Melalui Nota Jawaban Walikota yang dibacakan oleh Sekretaris Daerah (Sekda) Kota Solo, Budi Suharto, Senin, Walikota Solo, Joko Widodo (Jokowi), dijelaskan Pemerintah Kota Solo telah menindaklanjuti Laporan Keterangan Pertanggungjawaban (LKPJ) Tahun 2010 dengan menganggarkan pembelian tanah Hotel Maliyawan senilai Rp 4. miliar.
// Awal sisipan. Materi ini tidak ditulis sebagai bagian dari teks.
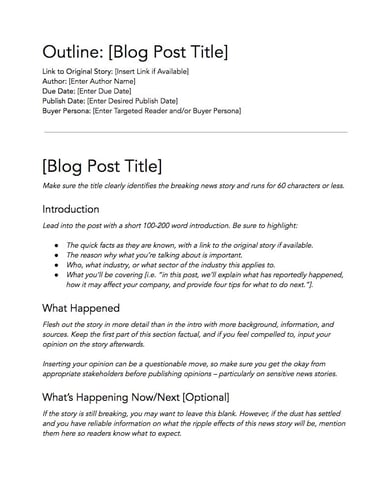 blog introduction template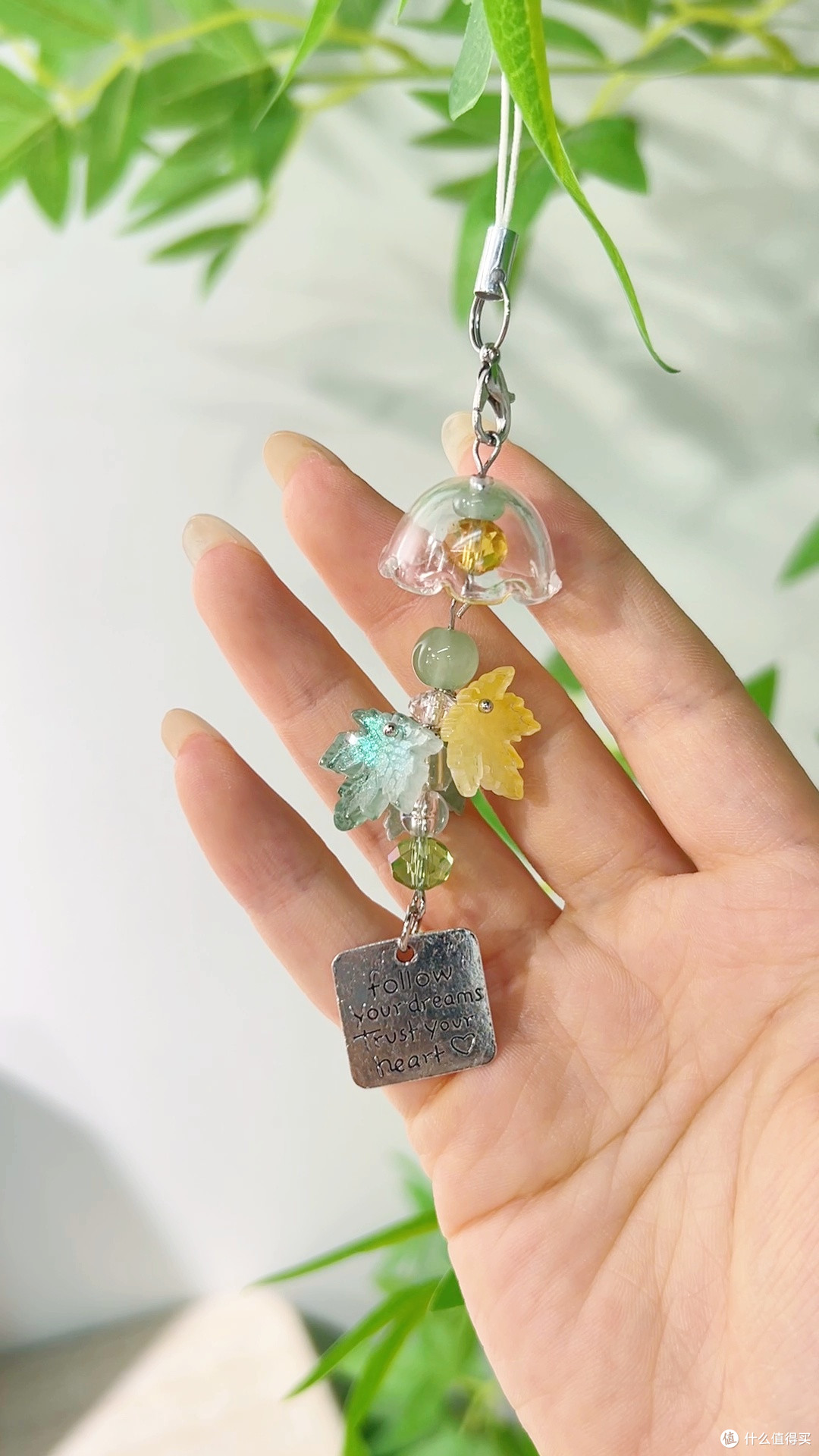 氛围感封神!枫叶CCD风铃挂链✨小众百搭绝美挂饰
Tetapi belakangan, berdasarkan Nota Kesepakatan Pemkot Solo dengan DPRD Kota Solo No 910/3.314 dan No 910/1/617 tentang Kebijakan Umum Perubahan APBD (KUPA) Kota Solo Tahun 2010, anggaran untuk pengadaan tanah Hotel Maliyawan ternyata tidak muncul sama sekali. Mata anggaran untuk rencana pembelian tanah hotel Maliyawan hilang atau dihapus dari APBD Solo.
Kemudian diketahui bahwa Walikota Solo telah mengajukan surat kepada Inspektorat Kota Solo. Surat itu berisi perintah Walikota untuk menelaah/mengkaji aspek hukum dan perundang-undangan terkait rencana Pemda Solo melepas aset berupa bangunan yang terletak di atas tanah Hotel Maliyawan, Tawangmangu, Surakarta.
Terhadap surat walikota, Inspektorat Kota menberikan jawaban atas telaah dan kajian hukumnya kepada Walikota Joko Widodo. Dalam suratnya, Inspektorat menegaskan bahwa untuk rencana pemindahtanganan aset bangunan milik Pemda (Hotel Maliyawan) terlebih dahulu harus dilakukan penaksiran oleh tim penilai, yang kemudian rekomendasi hasil penilaiannya harus ditetapkan dengan surat keputusan Walikota.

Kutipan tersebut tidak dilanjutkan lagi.